Bruce Rae Portraits

Exhibition ran from 8 Mar 2016 – 20 Mar 2016
Open evening: 11 Mar, 6.30 - 8.30pm 

Bruce Rae’s art emerges from a solid understanding of vintage photographic technique.  He uses a wooden field camera, similar to those used in the 19th Century, and period printing techniques. Rae’s dense prints, have a quality that is not reproducible by any digital means, these prints have a deep tonal luminosity.

Bruce Rae has exhibited widely including at Side Gallery, Michael Hoppen Gallery, Peter Fetterman Gallery, and most recently at Lucy Bell Gallery in St Leonards.  His work is held in important collections such as The National Portrait Gallery, Bibliotechque Nationale, Texaco Collection of British Art, Arden and Anstruther and Citibank.

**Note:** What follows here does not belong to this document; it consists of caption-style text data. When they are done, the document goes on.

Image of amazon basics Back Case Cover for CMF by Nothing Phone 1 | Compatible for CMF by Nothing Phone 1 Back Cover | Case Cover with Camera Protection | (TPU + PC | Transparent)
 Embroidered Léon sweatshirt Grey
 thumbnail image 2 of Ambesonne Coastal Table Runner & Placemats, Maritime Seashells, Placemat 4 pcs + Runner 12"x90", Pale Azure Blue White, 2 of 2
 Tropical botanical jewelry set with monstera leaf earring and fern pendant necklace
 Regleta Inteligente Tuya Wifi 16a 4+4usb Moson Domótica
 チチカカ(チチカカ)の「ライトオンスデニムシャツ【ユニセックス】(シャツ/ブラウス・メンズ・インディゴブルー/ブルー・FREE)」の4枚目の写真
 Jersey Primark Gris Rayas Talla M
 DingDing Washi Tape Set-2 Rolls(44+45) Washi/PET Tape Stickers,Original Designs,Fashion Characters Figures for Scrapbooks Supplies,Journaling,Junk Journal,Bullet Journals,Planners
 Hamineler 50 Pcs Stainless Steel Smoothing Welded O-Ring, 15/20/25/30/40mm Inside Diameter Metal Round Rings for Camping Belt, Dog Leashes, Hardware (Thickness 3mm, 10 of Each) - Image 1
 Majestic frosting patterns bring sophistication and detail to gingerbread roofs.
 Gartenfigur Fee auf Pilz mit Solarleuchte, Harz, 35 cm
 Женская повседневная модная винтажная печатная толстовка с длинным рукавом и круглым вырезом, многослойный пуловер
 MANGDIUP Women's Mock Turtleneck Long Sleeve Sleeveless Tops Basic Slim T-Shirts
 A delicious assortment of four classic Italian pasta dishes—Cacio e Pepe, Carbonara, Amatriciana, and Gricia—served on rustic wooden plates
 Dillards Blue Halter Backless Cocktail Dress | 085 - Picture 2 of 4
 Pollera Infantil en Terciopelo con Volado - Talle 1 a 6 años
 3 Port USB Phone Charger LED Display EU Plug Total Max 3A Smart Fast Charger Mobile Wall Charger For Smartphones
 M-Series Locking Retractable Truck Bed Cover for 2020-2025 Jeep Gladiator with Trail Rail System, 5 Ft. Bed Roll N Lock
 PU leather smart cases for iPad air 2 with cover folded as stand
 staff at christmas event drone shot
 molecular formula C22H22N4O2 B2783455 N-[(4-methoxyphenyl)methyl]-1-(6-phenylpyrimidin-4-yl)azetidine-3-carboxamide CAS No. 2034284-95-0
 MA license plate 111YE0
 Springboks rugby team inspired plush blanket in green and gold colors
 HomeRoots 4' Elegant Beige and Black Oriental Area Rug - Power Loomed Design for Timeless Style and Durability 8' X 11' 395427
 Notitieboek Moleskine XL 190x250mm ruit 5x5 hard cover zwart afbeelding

“My practice came out of skills taught to me at the Birmingham School of Photography in the 1960’s.  The manipulation of perspective, the range of tonalities and the full spectrum of visual feasts leave the digital world in the dark to which I wish it would return”.

“I began making photographic portraits whilst a student at the Royal College of Art. The late sixties and seventies of the last century was the age of the printed magazine. The ambitions of the department of photography students were primarily aimed at the media, from the colour sups to petticoat magazine. The first portrait I made was of David Hockney, whose negative I sadly lost. Fame was the spur, and a lot of us became scalp hunters. We learnt our craft/trade on the hoof learnt the sacred priorities of the deadline and how to reconcile our prints to photomechanical reproduction and the designers grid. We were cheeky upstarts and did get a taste for glamour. We also learnt the power of the portrait and as well as selling mags several of us realized the potency of Berenice Abbot’s idea of showing the world to itself. It was the age of “The family of man” exhibition put on by the museum of modern art in America, an attempt to heal some of the pain of a fragmented century. Side Gallery on Tyneside gave me the opportunity to put my portraits into a structured context which was a reply to the market economics of the eighties and the visions of Thatcherism. I have for the past two years been drawn back to making portraits and again realizing their vicarious power”.